Daily Messenger
- Type: Daily newspaper
- Format: Broadsheet
- Owner: USA Today Co.
- Publisher: Rick Emanuel
- Editor: Jennifer Reed
- Founded: The Ontario Gazette and Western Chronicle, originally published in Geneva, New York, in 1796
- Headquarters: 73 Buffalo Street, Canandaigua, New York 14424, United States
- Circulation: 5,779 (as of 2018)
- OCLC number: 10768064
- Website: MPNnow.com

= Daily Messenger =

American newspaper

The Daily Messenger is an American daily newspaper published weekday afternoons and on Sundays (as the Sunday Messenger) in Canandaigua, New York. It is owned by USA Today Co.

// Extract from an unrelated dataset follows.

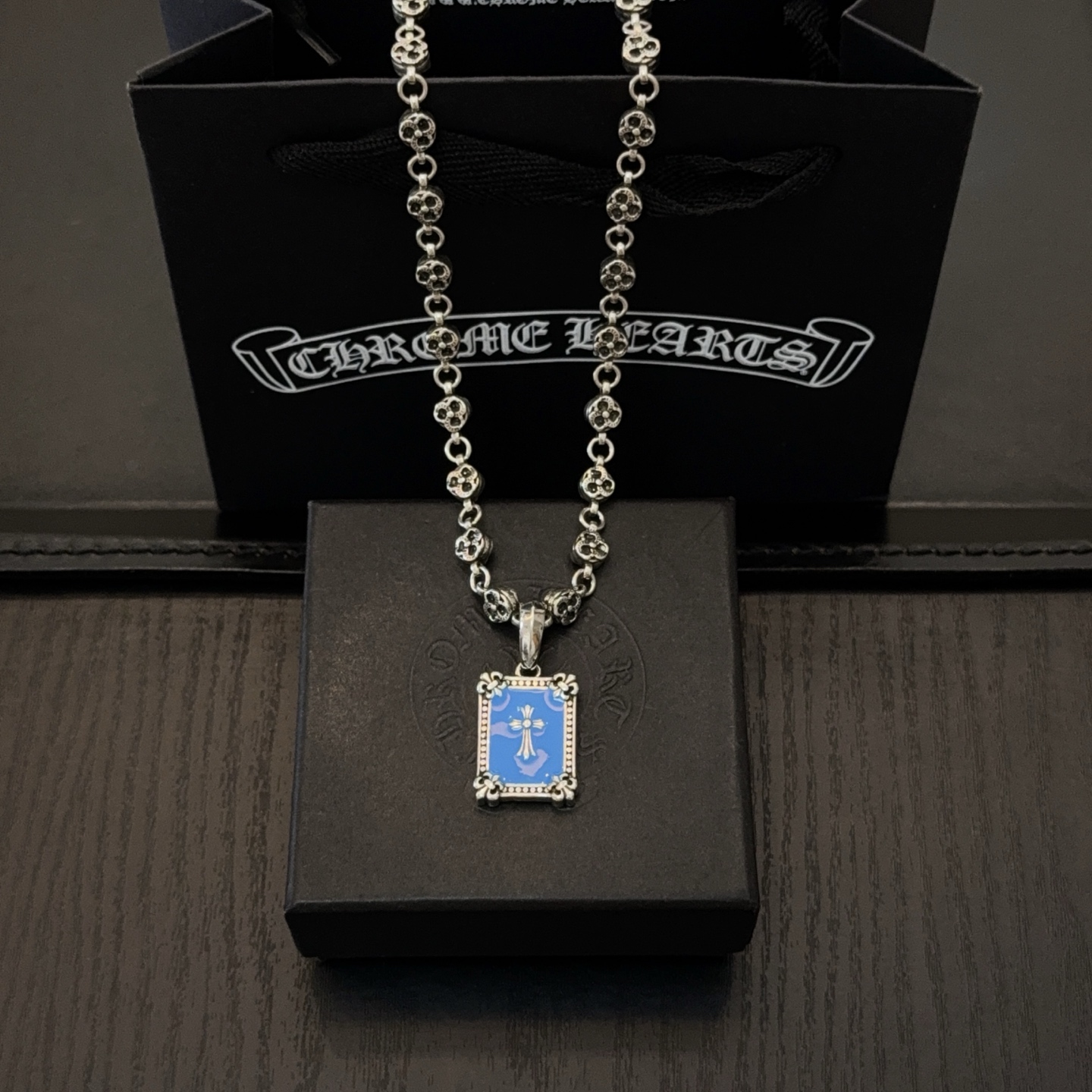 NO:556366,New [Counter Quality] Chrome Hearts Classic Retro Flower Ball Necklace, Square Cross Pendant, Concave and Concave Shape Different Pattern Design Styles, Presenting a Distinctive Cross, Scout Flower is the symbol of Chrome Hearts, so it is more durable. Genuine pattern-printed Chrome Hearts distinguishes the ordinary light version in the market. Check the quality of the version. Look at the printing details, the degree of retro ash oxidation. Seiko version!  !  !  Purely handmade ~ Authentic open mold fashion essentials. Can be worn by both men and women. Same style for couples. Official website original. Rock punk Thai silver style. Retro elements. Trendy and versatile!  , jewelry boutique, chrome hearts, chrome hearts, necklace19860909新款【专柜品质】Chrome Hearts克罗心经典复古花球项链 方牌十字架吊坠 凹凸造型不同的花纹设计风格 呈现出与众不同 十字架 童军花是克罗心的志 所以更经久不衰 正品打版Chrome Hearts克罗心 区别市场普通轻版 对版对标品质 看字印细节 复古做旧灰氧程度.精工版本！！！ 纯手工打造 ～正品开模潮流时尚必备 男女均可佩戴 情侣同款 官网原版 摇滚朋克泰银风格 复古元素 潮流百搭！,饰品精品,chrome hearts,chrome hearts,necklace,Jewelry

In addition to the city of Canandaigua, the Daily Messenger covers all of Ontario County, and its associated weekly newspapers cover Monroe and Wayne counties. Together, the Messenger Post Newspapers cover the eastern portion of the Rochester metropolitan area.

== History ==

The paper was founded in Canandaigua as the weekly Genesee Messenger in 1806, adopting the name Ontario Messenger in 1810. A merger with The Ontario Repository in 1862 yielded a combined weekly called The Ontario Repository and Messenger. When the paper converted to daily publication in 1906, it took the name The Ontario Messenger and Repository. In the 1910s this was shortened to The Daily Messenger.

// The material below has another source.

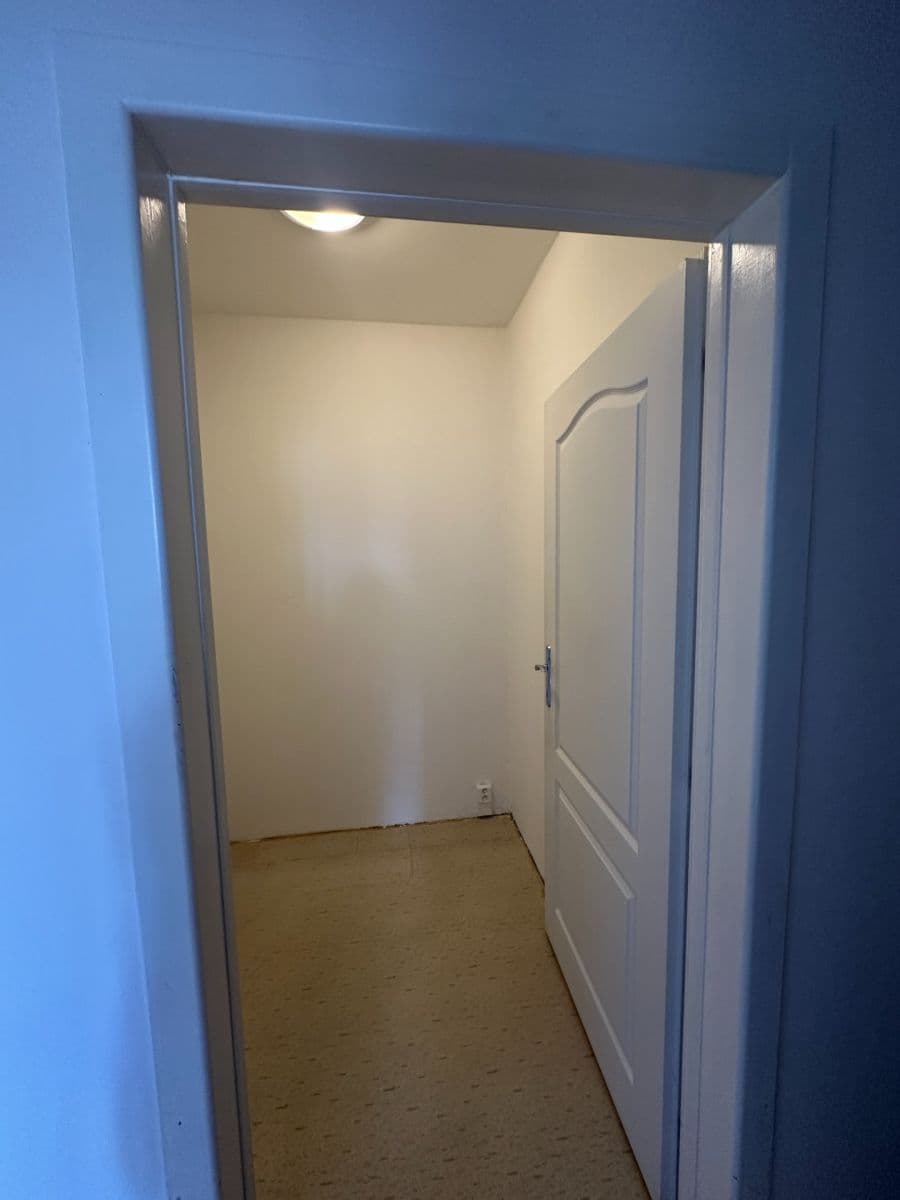 3 bedroom flat to rent, 72 m², Valouškova, Brno, Jihomoravský Region 3 bedroom flat to rent, 72 m², Valouškova, Brno, Jihomoravský Region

Although the Messenger name began in 1806, its history through The Repository was much longer. That paper incorporated the Ontario Freeman (1803), the Western Repository and Genesee Advertiser (1803)
and The Ontario Gazette and Western Chronicle, originally published in Geneva, New York, in 1796. In the 1910s the Daily Messenger billed itself as the "oldest newspaper west of Hudson River".

== Sister newspapers ==
Newspapers in the Messenger Post Newspapers chain share their Canandaigua headquarters building, the MPNnow.com website, their publisher and executive editor, and their business office functions. Messenger Post papers include:

- The Post, serving Chili, Gates, Greece of Monroe County
- The Post, serving Irondequoit, Penfield, Webster of Monroe County
- The Post, serving Brighton, East Rochester, Fairport, Henrietta, Pittsford of Monroe County
- The Post, serving Farmington, Victor of Ontario County
- Wayne Post of Wayne County

Apart from Messenger Post, the parent company GateHouse Media also owns two other nearby weeklies in the Genesee Valley, The Chronicle-Express of Penn Yan and the Genesee Country Express of Dansville, and several properties in the Southern Tier, including the Steuben Courier of Bath and three dailies, The Leader of Corning, The Evening Tribune of Hornell and the Wellsville Daily Reporter in Wellsville.

GateHouse, which owns hundreds of daily and weekly newspapers from California to Massachusetts, has its corporate offices in Fairport, which is in the Messenger Post coverage area.